- [How to complete this task]:
Please read the records below and return each line holding the string "Canvas".

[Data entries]
=== Section Start ===
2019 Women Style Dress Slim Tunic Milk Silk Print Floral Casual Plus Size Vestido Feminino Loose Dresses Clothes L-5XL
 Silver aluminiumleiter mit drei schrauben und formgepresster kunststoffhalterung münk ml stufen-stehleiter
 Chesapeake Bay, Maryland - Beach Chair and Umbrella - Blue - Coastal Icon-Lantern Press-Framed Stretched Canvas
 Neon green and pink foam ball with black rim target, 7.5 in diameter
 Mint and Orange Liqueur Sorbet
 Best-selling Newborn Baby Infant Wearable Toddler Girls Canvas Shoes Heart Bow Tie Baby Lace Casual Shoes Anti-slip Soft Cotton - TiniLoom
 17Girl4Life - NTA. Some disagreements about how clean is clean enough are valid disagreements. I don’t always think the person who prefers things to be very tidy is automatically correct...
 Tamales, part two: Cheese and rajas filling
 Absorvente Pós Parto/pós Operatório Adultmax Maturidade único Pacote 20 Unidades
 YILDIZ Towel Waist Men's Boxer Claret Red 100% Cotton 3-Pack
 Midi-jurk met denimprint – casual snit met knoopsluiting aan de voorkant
=== Section End ===
- [Expected answer]:
 Chesapeake Bay, Maryland - Beach Chair and Umbrella - Blue - Coastal Icon-Lantern Press-Framed Stretched Canvas
 Best-selling Newborn Baby Infant Wearable Toddler Girls Canvas Shoes Heart Bow Tie Baby Lace Casual Shoes Anti-slip Soft Cotton - TiniLoom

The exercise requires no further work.